This is the first of a series of essays to help Founders and Product & Growth Leaders of US venture-backed companies think about international growth, specifically in India. I think they will be most helpful to companies that (i) consider the US as their home markets, and (ii) have achieved product-market fit. To keep up with these essays and more subscribe to my newsletter, Half-Cooked below:


I believe that practically every consumer and passion-economy focused internet company today should consciously ask itself the following questions:

  1. Should I start investing in growth in India?

  2. If the answer to 1 is "Yes", the next question should be "How?"

  3. If the answer to 1 is "No" or "Not Yet", then the next question should be "What decisions can I make today to simulate the purchase a low-priced, long-dated call option on India, one of the most important internet markets in the world?"

I was the first non-US team member at Quora, and for a large part of my time there, the only person whose core focus was on India, one of the company's top markets.

  • In 24 months, usage in India doubled to more than 70 million monthly unique visitors,

  • In 18 months, the product went from being available in 0 to 8 Indian languages, and

  • In 12 months, India became a meaningful part of the company's top line, leading to the decision to open the first-ever international sales office.

All this was accomplished while the company continued to iterate on the core product and launched important new features, like Quora Spaces. Most importantly, this was done in an extremely capital-efficient manner.

My objective here is not to talk about how fantastic the Quora team is (they are!), or how impactful my contributions were (I'd like to think so!). It goes without saying that these were important to the company's growth.

Rather, I am writing this to call out that I believe an unrecognized (or ignored!) structural opportunity exists for many companies.

With the right "founder-mentality" individuals, and the willingness to commit less than $1-2 million (a typical seed round today) companies can easily define a strategy, tweak their learnings and capabilities to rapidly expand outside their home markets to India (or markets like India), effectively creating an in-the-money", long-dated call option on India.

I believe that many US-based venture-backed companies don't see opportunity. Of the few that do, I’ve noticed that it’s common to overestimate the costs of doing this or underestimate the costs of losing long-term optionality, growth, and market share to local competitors or copycats of being "too late" to India.

Why now?

India has 500 million Internet users and the lowest cost of data in the world. Indian users are hungry for products and services that they can consume digitally. I'll dive into how I segment the demographics in a future post.

In 2012-13-14, it took the capital and capabilities of Rocket Internet to clone products, businesses, and models. Today, that is no longer the case; it is substantially easier for companies and products to get up and running and get traction - and as a result, business model and product cloning is cheap and easy. It helps that the audience in India is hungry. In 2 days; TikTok clone, Roposo, gained 22 million users after TikTok was banned by the Indian Government.

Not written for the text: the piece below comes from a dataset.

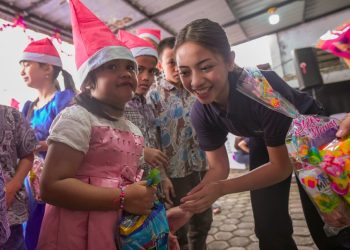 Hadirkan Hangat dan Sukacita Natal, Indosat Berbagi Kasih bagi Anak-Anak dari Komunitas Rentan 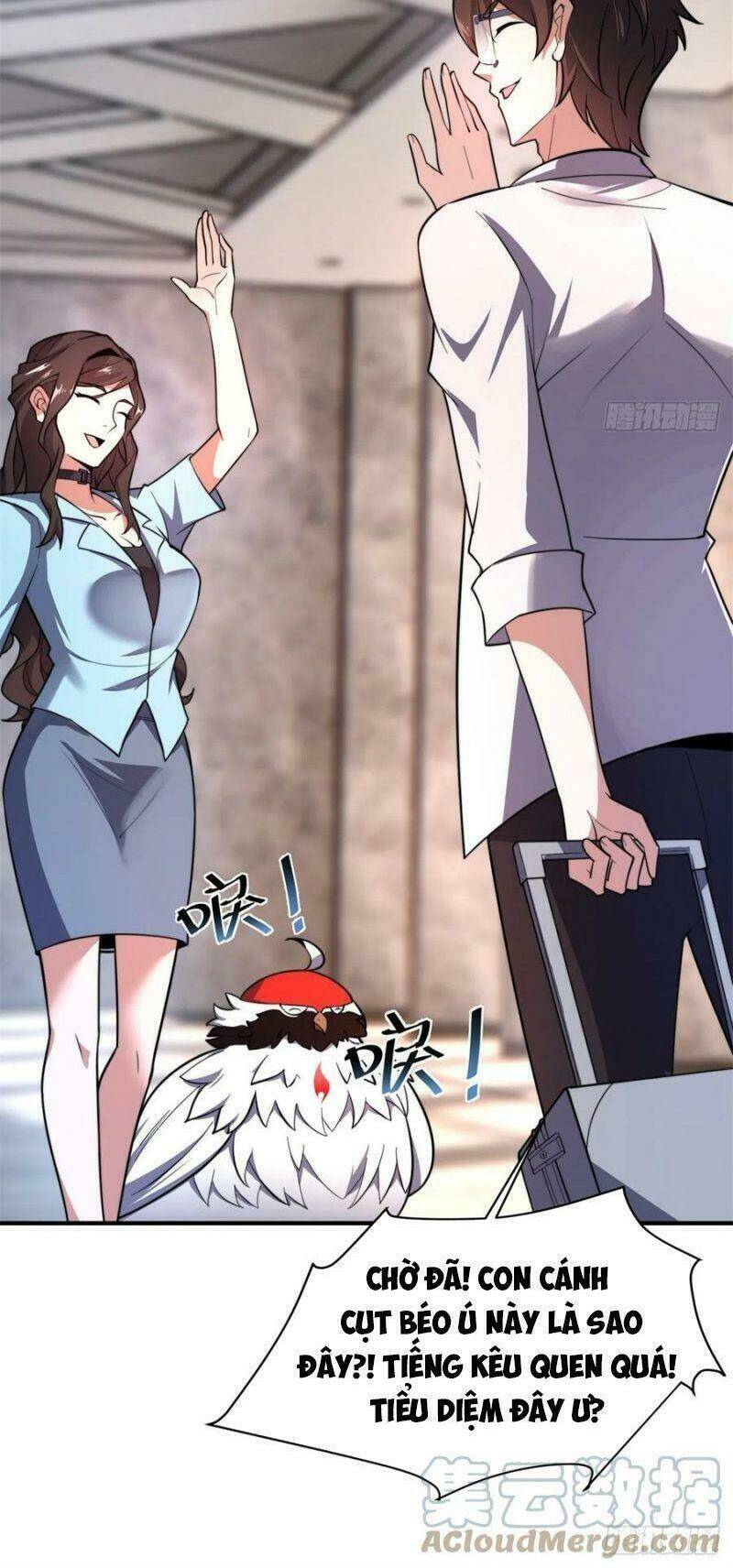 Thần Sủng Tiến Hóa: Chapter 72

If you think India will be relevant for you, you should start to figure out how to make inroads into the market today. If you don’t, there will likely be a local competitor chipping away at you before you've even gotten started, and in today's products, where bottoms up growth and network effects matter, product superiority becomes relevant only if you have a network to begin with!

Why aren't more companies doing this?

Skeptics may ask, "why aren't more companies doing this?". Here are some theories that could explain why companies ignore or underprice this "call option":

First, I believe that there is a gap in media coverage (in India and in the US). Most of what I read in the tech press about India is through the following lenses:

  • Indian companies building for India (Unacademy, Byjus, Khatabook, Meesho, etc)

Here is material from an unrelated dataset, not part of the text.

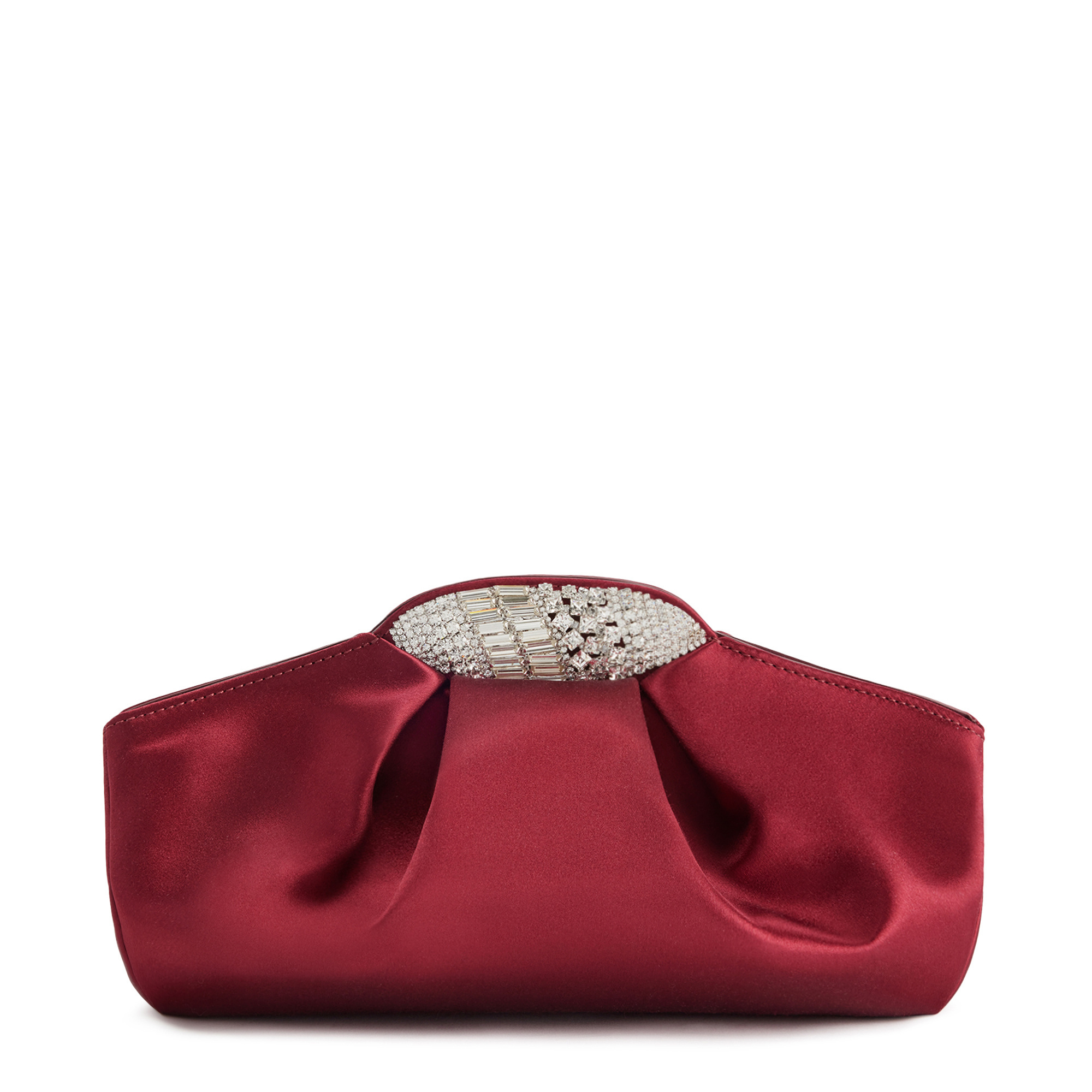Giuseppe Zanotti GZ DUMPLING Women's Clutches Pink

  • Indian companies building for the US (Fresh, Zoho, BrowserStack, etc, or in other words, many of the companies in Accel's and Nexus Venture Partners portfolio)

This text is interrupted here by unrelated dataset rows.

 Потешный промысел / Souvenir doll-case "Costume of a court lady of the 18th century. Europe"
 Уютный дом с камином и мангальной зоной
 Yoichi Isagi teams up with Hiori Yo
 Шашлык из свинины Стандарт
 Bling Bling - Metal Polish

  • Major US tech companies with "unlimited" amounts of capital investing heavily in India (Google, Uber, Facebook)

Second, I believe that as a result of this coverage, company and product leaders think that they either need copious amounts of capital, a full-blown international or India team and that they need to make deep and substantial changes to their product to succeed. While this may be necessary or even desirable in some cases, it really depends on what the company's goals are for India (more on this in a future essay). There are more frugal and iterative ways of litmus-testing growth in India, as evidenced by my time at Quora.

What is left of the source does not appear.